Start of COLLECTED DATA

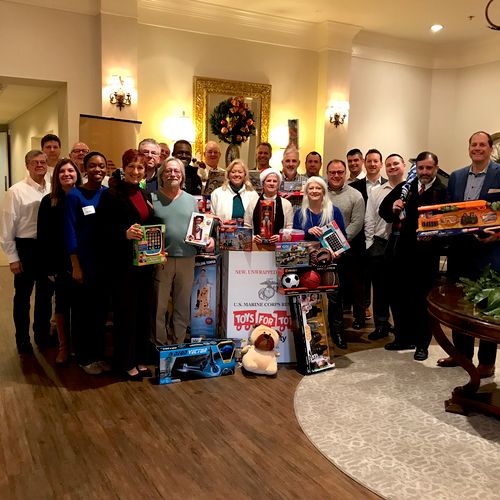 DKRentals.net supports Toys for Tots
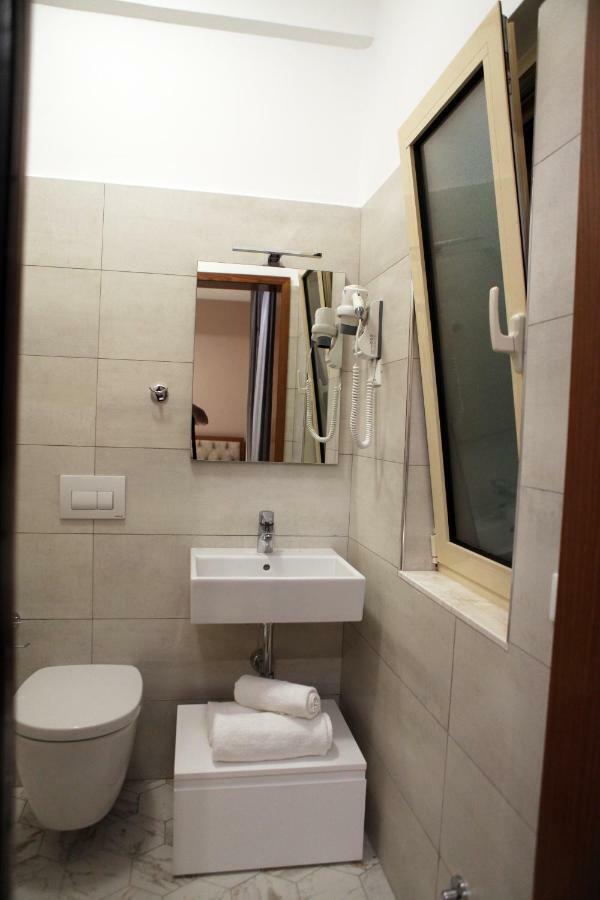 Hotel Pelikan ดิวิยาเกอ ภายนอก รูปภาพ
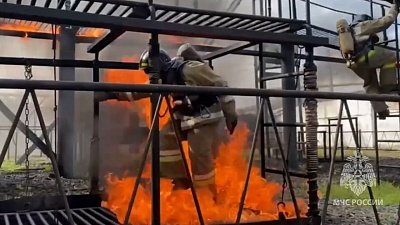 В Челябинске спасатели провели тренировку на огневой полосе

End of COLLECTED DATA

* THE TASK *
Output the whole of the data, unchanged; keep the pictures out.

* EXERCISE OUTPUT *
 DKRentals.net supports Toys for Tots
 Hotel Pelikan ดิวิยาเกอ ภายนอก รูปภาพ
 В Челябинске спасатели провели тренировку на огневой полосе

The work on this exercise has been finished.